Bullseye much more than a meat market

Published 10:02 am Wednesday, August 14, 2013

VANDALIA — Bullseye Marketplace, 59283 White Temple Rd., this weekend features meat fresh from the 162nd Cass County Fair, including Cameron Hayden’s grand champion steer, Jake Sully.

Owner Israel Yoder also bought the medium weight champion, some pigs and several lots in the small animal auction to support 4-H youth.

He will also be supporting the Berrien County Fair auction in Berrien Springs this week.

“We hosted the carcass class swine judging,” he said Monday. “We had 55 people here in our cooler judging all their carcass contestants for the Berrien fair.”

Bullseye, not yet a year old, opened Nov. 1, 2012, in an 80-foot by 112-foot building after buying out Rick Brubaker’s Little Store on the Prairie in Decatur.

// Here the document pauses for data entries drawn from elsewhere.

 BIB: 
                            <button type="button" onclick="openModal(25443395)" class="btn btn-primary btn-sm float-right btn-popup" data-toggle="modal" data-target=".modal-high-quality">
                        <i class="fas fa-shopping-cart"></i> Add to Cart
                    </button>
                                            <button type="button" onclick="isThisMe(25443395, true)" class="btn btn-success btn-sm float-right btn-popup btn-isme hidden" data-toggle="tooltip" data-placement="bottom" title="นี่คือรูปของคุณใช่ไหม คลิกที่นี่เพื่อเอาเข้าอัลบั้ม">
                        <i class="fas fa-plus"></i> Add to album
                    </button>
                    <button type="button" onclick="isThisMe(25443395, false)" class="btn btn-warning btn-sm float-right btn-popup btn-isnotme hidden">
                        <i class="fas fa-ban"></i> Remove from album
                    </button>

He became their manager.

Bullseye offers a large selection of deli meats and cheese, custom butchering for deer, beef and pork, frozen meats — wild-caught Norwegian salmon, local and organic chicken and pork, grain-fed beef and pork and grass-fed beef, such as the longhorn cattle which graze out front.

Fresh-cut meats, such as the fair fare, are offered Thursday through Saturday.

He took the steers to Battle Creek to get butchered at the USDA-inspected plant.

But it’s much more than a meat market, with bulk nuts, dried fruits, candy, specialty grains and foods, local and organic products, a gluten-free section, vitamins and supplements, baked goods from father-in-law Virgil Stutzman’s nearby Farmhouse Bakery, Plainwell ice cream, hand-dipped in homemade waffle cones or in half gallons, a coffee bar with whole bean coffee and kitchenware.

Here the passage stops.